Friday, Aug. 06, 1965
Current & Various
THE ACCIDENTAL CENTURY by Michael Harrington. 322 pages. Macmillan. $5.95.
"I got a lot of good ideas through participation in the radical movement," says Michael Harrington. One of his best ideas became The Other America, a compelling study of poverty in the U.S. that caught the attention of President Kennedy. In his new book, Author Harrington abandons sociological reportage and essays a sweeping analysis of 20th century culture in crisis. His theses are all too familiar. Proliferating technology has transformed Western civilization: "The chasm between technological capacity and economic, political, social, and religious consciousness has unsettled every faith and creed in the West." Economic collectivization is inevitable. But it has begun in America without conscious planning, and the power of economic decision now rests with bureaucratic corporations rather than with the democratic mass most profoundly affected. Slogging his way toward these conclusions, Author Harrington quotes everyone from Hannah Arendt to William Butler Yeats, analyzes the novels of Thomas Mann, the philosophy of Nietzsche, the mysticism of Dostoevsky. Curiously lacking are any references to Alexis de Tocqueville and Karl Jaspers, who have already covered much of this embattled ground.
KNIGHTS & DRAGONS by Elizabeth Spencer. 169 pages. McGraw-Hill. $3.95.
"Hatred is too much for me," confesses the disturbed American woman who is the heroine of this novel, "I can't face it." She means hatred for her ex-husband, a middle-aged philosopher who is a venerable pooh-bear to everyone else in the world but a dragon to her. To escape his continuing attentions she runs away to Italy, takes up with a pushy, pragmatic American. Alas, she finds she is tied to both men. In the end, the ties are suddenly severed: the lover leaves her, her former husband dies, and she is left with nobody to hate, nobody to love. "I am gone, she thought; they have taken me with them; I shall never return." Few readers will miss her. In her fifth novel, Elizabeth Spencer (The Light in the Piazza) demonstrates a delicate attention to the shifting, uncertain boundaries between illusion and reality. But her characters are merely attitudes or intuitions, and her sensibility a romantic smog that muffles all the harsh realities the author and her heroine cannot bear to face.
TALES FROM THE JAPANESE STORYTELLERS collected by Post Wheeler, edited by Harold G. Henderson. 139 pages. Juttle. $4.95.
The European jongleur and minnesinger have their parallel in the Japanese hanashika, whose tongues have wagged incessantly for some 800 years.
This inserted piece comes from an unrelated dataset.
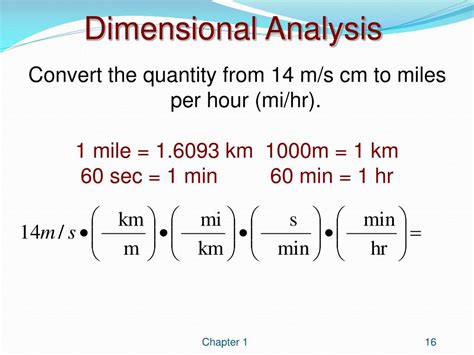 Understanding the Conversion from Cm/Hr to Mm/Hrt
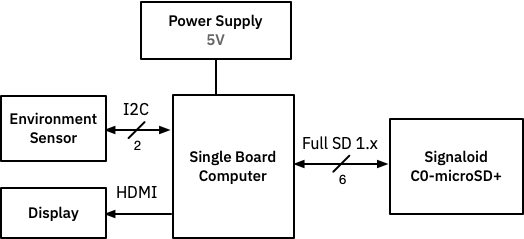 Typical application circuit of a Signaloid C0-microSD+ with a single board computer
Diplomat-Scholar Post Wheeler, who was stationed at the U.S. embassy in Tokyo for six years, determined to safeguard the huge literary and oral tradition of the hanashika, spent 25 years talking with the storytellers and collecting, translating and annotating their tales. His ten-volume work has never been made available to the general public largely because he refused to allow the publication of any edition that did not meet his exacting standards. Wheeler died in 1956, and Editor Harold Henderson (former Nipponologist at Columbia University) has now dipped into Wheeler's collection and selected 24 gracefully wrought, highly polished little gems. A favorite hero is the trickster figure, who appears in many guises (as a taciturn bumpkin, a crafty samurai, a modest wife, a voluptuous virgin) and unfailingly triumphs. But the Japanese joker is a special breed. A blend of Socrates and Till Eulenspiegel, he serves as gadfly to his ritualistic feudal society, sits in judgment on its fools and fakers. These stories establish him as a considerable literary creation.